** Opening PROVIDED RECORDS block **
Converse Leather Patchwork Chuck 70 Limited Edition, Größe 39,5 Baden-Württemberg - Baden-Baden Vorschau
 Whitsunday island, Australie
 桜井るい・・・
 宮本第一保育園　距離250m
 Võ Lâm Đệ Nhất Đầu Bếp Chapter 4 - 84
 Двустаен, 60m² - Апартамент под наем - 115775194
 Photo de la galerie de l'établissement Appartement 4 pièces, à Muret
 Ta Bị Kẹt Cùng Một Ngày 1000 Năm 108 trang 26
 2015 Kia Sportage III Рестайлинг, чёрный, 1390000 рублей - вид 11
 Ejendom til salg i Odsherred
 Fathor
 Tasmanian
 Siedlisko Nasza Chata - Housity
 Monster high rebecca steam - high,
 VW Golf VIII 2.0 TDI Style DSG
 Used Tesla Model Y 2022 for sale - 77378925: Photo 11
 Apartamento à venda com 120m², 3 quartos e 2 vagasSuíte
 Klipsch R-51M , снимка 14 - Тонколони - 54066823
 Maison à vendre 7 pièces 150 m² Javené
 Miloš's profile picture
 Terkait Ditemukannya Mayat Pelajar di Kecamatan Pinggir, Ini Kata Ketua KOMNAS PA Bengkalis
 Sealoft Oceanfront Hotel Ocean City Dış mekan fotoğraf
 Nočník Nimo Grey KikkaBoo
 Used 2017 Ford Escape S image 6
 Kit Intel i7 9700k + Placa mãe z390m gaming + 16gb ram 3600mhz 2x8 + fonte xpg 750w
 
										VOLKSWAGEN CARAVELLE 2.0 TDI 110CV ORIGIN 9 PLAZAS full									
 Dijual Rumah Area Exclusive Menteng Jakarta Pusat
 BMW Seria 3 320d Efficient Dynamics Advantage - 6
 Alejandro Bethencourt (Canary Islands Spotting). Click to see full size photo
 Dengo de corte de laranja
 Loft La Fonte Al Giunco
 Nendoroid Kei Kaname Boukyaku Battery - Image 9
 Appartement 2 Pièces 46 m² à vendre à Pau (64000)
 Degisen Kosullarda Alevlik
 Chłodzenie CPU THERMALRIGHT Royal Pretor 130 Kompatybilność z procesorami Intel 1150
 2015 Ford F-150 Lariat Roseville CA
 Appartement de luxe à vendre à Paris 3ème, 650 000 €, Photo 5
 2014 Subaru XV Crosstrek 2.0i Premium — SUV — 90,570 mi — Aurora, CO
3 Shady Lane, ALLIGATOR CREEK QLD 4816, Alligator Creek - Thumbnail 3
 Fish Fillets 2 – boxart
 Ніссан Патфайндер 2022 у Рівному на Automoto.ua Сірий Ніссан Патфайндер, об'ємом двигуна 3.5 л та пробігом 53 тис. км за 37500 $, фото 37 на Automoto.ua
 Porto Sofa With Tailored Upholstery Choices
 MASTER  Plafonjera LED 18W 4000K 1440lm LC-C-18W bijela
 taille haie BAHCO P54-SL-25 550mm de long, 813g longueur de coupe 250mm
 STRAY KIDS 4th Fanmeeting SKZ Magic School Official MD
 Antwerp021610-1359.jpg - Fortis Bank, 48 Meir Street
** Closing PROVIDED RECORDS block **
Write out, from the lines above, only those from the line with "2014 Subaru XV" to the line with "1440lm LC-C-18W bijela", exactly as given, including the first and the last.

 2014 Subaru XV Crosstrek 2.0i Premium — SUV — 90,570 mi — Aurora, CO
3 Shady Lane, ALLIGATOR CREEK QLD 4816, Alligator Creek - Thumbnail 3
 Fish Fillets 2 – boxart
 Ніссан Патфайндер 2022 у Рівному на Automoto.ua Сірий Ніссан Патфайндер, об'ємом двигуна 3.5 л та пробігом 53 тис. км за 37500 $, фото 37 на Automoto.ua
 Porto Sofa With Tailored Upholstery Choices
 MASTER  Plafonjera LED 18W 4000K 1440lm LC-C-18W bijela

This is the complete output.